Scene from "The Amazing Maurice" (2022)

The Struggle of the "Medium-Sized" Movie

Produced by Ulysses Filmproduktion and Cantilever Media, the animation isn't trying to compete with the $200 million budgets of Disney or Pixar. It doesn't have that hyper-realist "every hair is a physics simulation" look. Instead, it leans into a stylized, slightly chunky aesthetic that feels like a high-end storybook come to life. Director Toby Genkel and writer Terry Rossio (who co-wrote Shrek and Aladdin) clearly understood that Pratchett’s world is one of dirt, shadows, and irony, not polished plastic.

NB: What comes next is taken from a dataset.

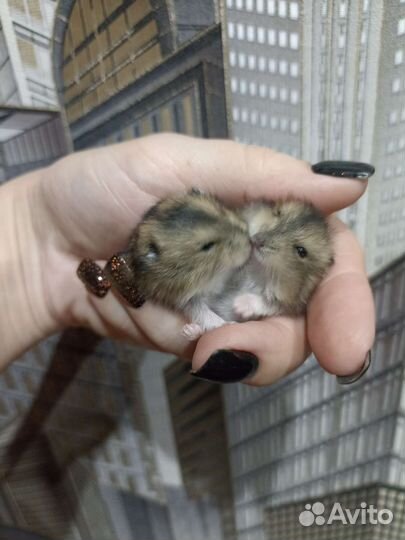 Джунгарский хомячок Dwarf hamster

Scene from "The Amazing Maurice" (2022)

The film's biggest hurdle was simply being heard. Released during the post-pandemic reshuffling where streaming platforms like Sky Cinema and Hulu were snapping up mid-budget features, it never got the massive theatrical push it deserved in the States. In the age of "representation matters," it’s also worth noting how well the film handles its ensemble. Each rat has a distinct personality and cultural identity within their little colony, making their quest for a rodent utopia feel surprisingly grounded.

Scene from "The Amazing Maurice" (2022)

There’s a bit of a "forgotten gem" quality to this one already. It’s the kind of film you find on a rainy Sunday afternoon and wonder why nobody told you about it. It’s smart, it’s a bit grim around the edges, and it refuses to talk down to its audience. If you’re tired of the "chosen one" narrative or movies that feel like they were written by an algorithm designed to sell plushies, Maurice and his band of thieves are a perfect antidote.

Scene from "The Amazing Maurice" (2022)
7.5 /10

Must Watch

The Amazing Maurice is a delightful anomaly in the current animation landscape. It manages to capture the sardonic soul of Terry Pratchett while delivering a fast-paced adventure that works for both kids who like slapstick and adults who like dry British wit. It’s a testament to the fact that you don't need a nine-figure budget to build a world worth visiting—you just need a good script and a cat with a very bad attitude. Give it a look before it disappears into the streaming ether forever.